Reputation: 43
I am a beginner in python and web scraping, I have been scraping data and images successfully from 3 months and just got my first freelance. But this time I am finding hard as the data I am going after is having same div class name as others and I can't figure out how can I possibly try to obtain them specifically.

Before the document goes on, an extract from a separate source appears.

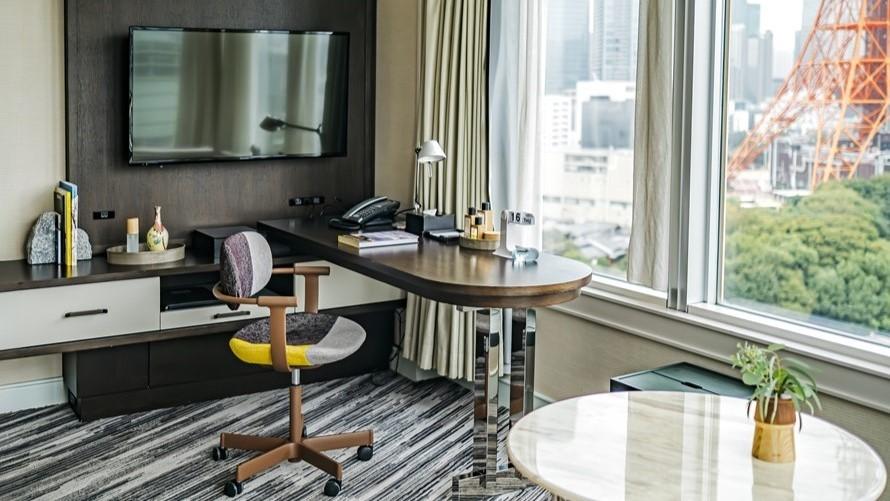 木のぬくもりや自然の質感を生かした設えと豊かな緑の眺めに、心落ち着く時間。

The Html parsed is as below
<div class="stage-star-main-aside">
<ul class="star-characteristics">
<li class="row is-copy is-bold">
<div class="gr-6">
<span class="is-copy is-std">Country</span>
</div>
<div class="gr-6">
<a href="/en/funnystar?filter%5Bgender%5D=f&filter%5Bcountry%5D=US">United States</a>
</div>
</li>
<li class="row is-copy is-bold">
<div class="gr-6">
<span class="is-copy is-std">Eye color</span>
</div>
<div class="gr-6">
<a href="/en/funnystar?filter%5Bgender%5D=f&filter%5Beyecolor%5D=blue">blue</a>
</div>
</li>
<li class="row is-copy is-bold">
<div class="gr-6">
<span class="is-copy is-std">Hair color</span>
</div>
<div class="gr-6">
<a href="/en/funnystar?filter%5Bgender%5D=f&filter%5Bhaircolor%5D=blonde">blonde</a>
</div>
</li>
<li class="row is-copy is-bold">
<div class="gr-6">
<span class="is-copy is-std">Height</span>
</div>
<div class="gr-6">
<span class="is-copy is-std is-muted">173.0 cm (5'8")</span>
</div>
</li>
<li class="row is-copy is-bold">
<div class="gr-6">
<span class="is-copy is-std">Weight</span>
</div>
<div class="gr-6">
<span class="is-copy is-std is-muted">58 kg (128 lbs)</span>
</div>
</li>
<li class="row is-copy is-bold">
<div class="gr-6">
<span class="is-copy is-std">BMI</span>
</div>
<div class="gr-6">
<span class="is-copy is-std is-muted">19.0 (normal)</span>
</div>
</li>
<a class="add-to-wrapper tc-add-to is-disabled is-small has-text" data-entity-id='{"star_id":"1991"}' data-hover-text="Remove from favorites" data-modal-text="Hot, hot hot! 🙂 If you would like to save this hot pornstar for later, please log in or" data-route="likeStar"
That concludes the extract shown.